PROBLEM DETAILS:
Word for word, copy the line that contains "Retro neon wine" and each line after it in the data below. Pictures stay out of the copy.

EXERCISE INPUT:
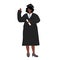 Flat vector illustration of an afro american girl in graduate uniform in cartoon style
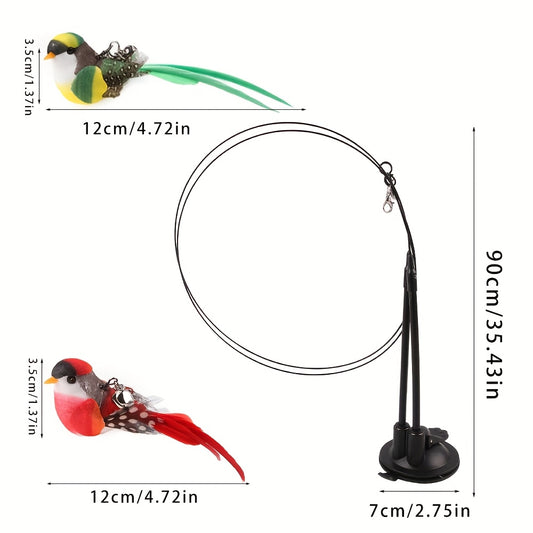A Cat Toy Set Featuring a Realistic Bird Design, Hands-Free Bird Wand with a Long Double Rod And Bells, Strong Suction Cups for Interactive Play, Ideal for Kittens to Practice Hunting Skills, Without Battery
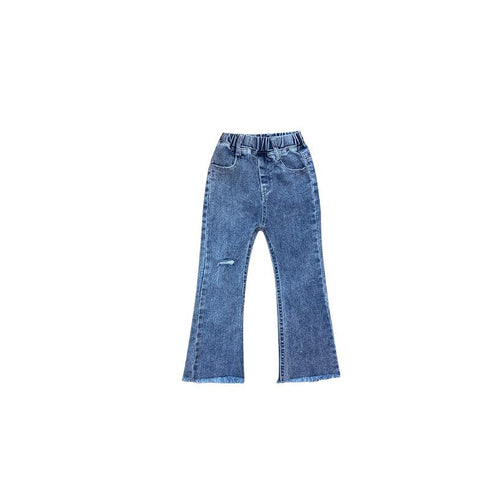 Girls Denim Flared Pants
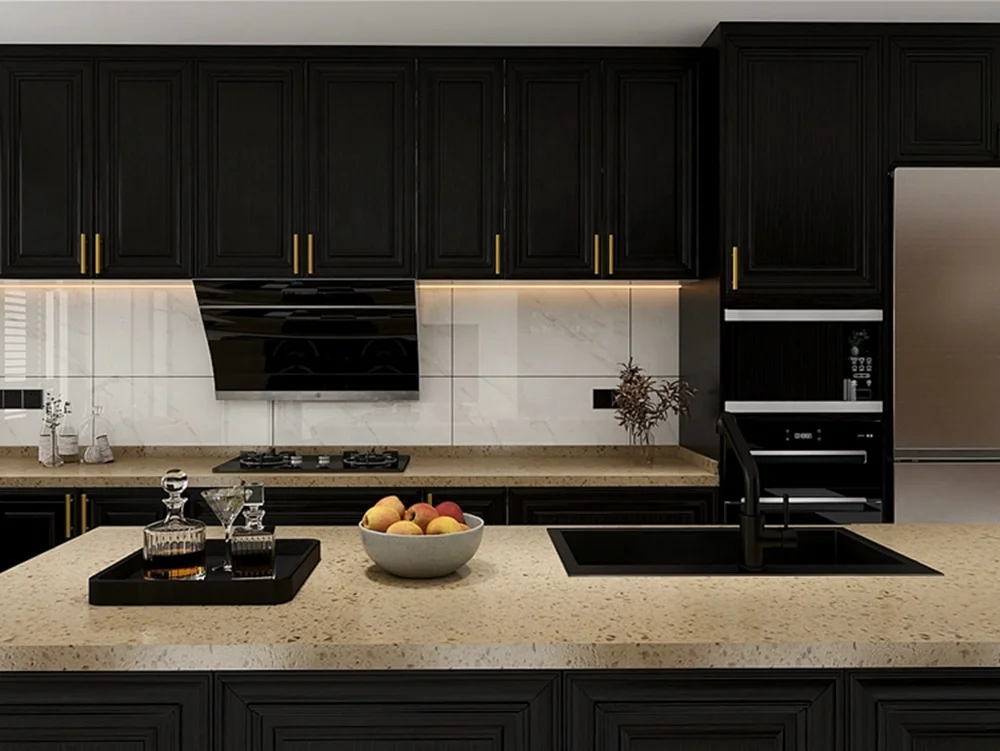 Latest Design Black Lacquer Display Storage Cabinet Home Kitchen Cabinet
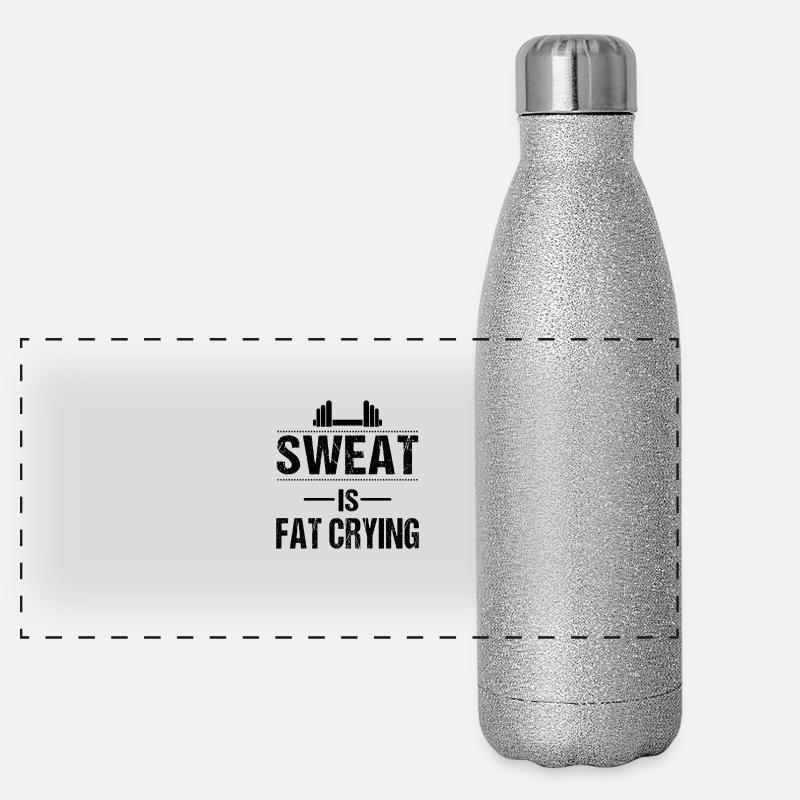 Sweat is fat crying Panorama Glitzer Isolierflasche 500 ml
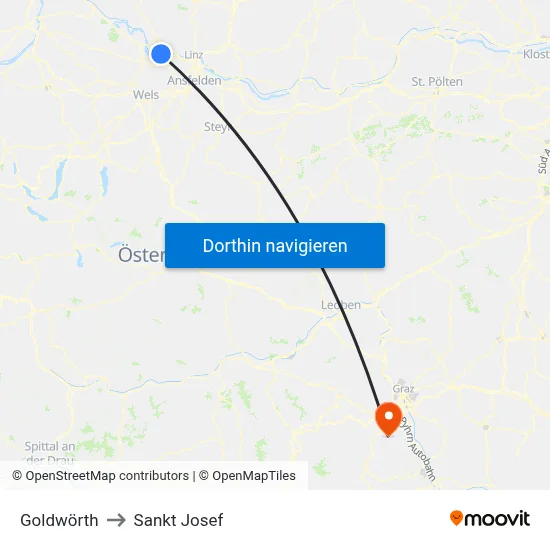 Goldwörth to Sankt Josef map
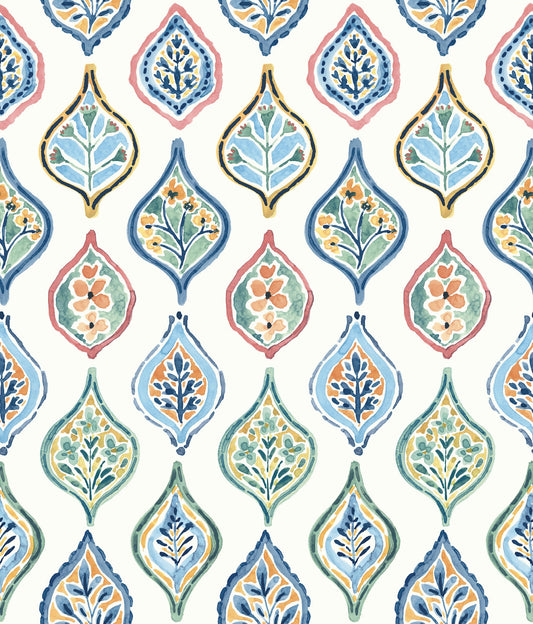 York Wallcoverings York Wallcoverings Marketplace Motif White and Multi Wallpaper  Bohemian Whites and Off-Whites   - MN1852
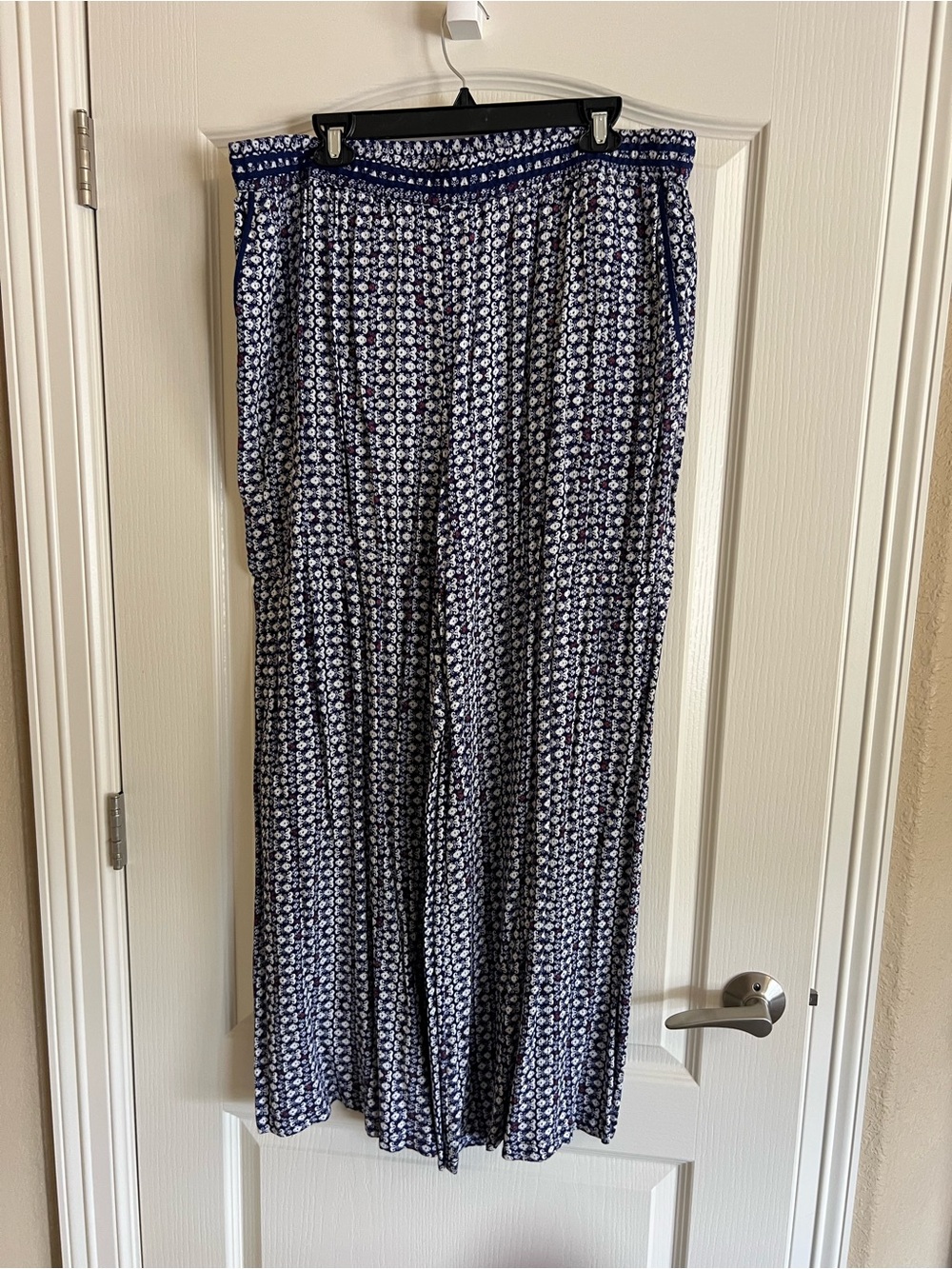 Heihei Navy Printed Wide-Leg Palazzo Pants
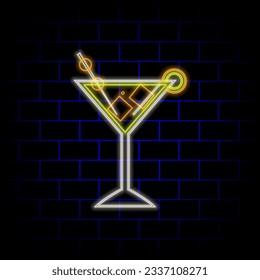 Retro neon wine glass sign on brick wall background. Neon design cocktail party banner for sign, label, banner, advertising. Vector illustration. Neon design for fiesta or restaurant.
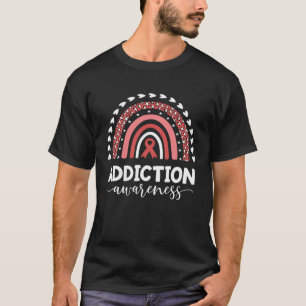 Camiseta Cinta arcoiris roja de apoyo a la adicción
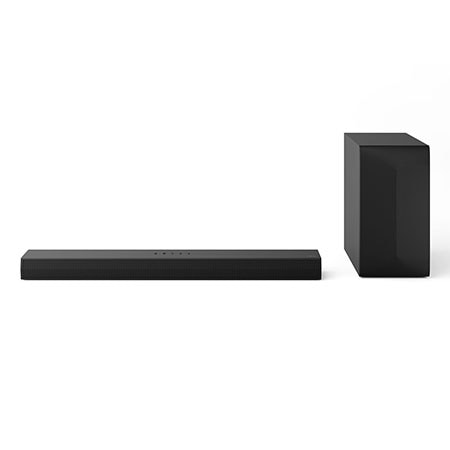 Vista frontal de la LG Soundbar S60T y un subwoofer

ANSWER:
 Retro neon wine glass sign on brick wall background. Neon design cocktail party banner for sign, label, banner, advertising. Vector illustration. Neon design for fiesta or restaurant.
 Camiseta Cinta arcoiris roja de apoyo a la adicción
 Vista frontal de la LG Soundbar S60T y un subwoofer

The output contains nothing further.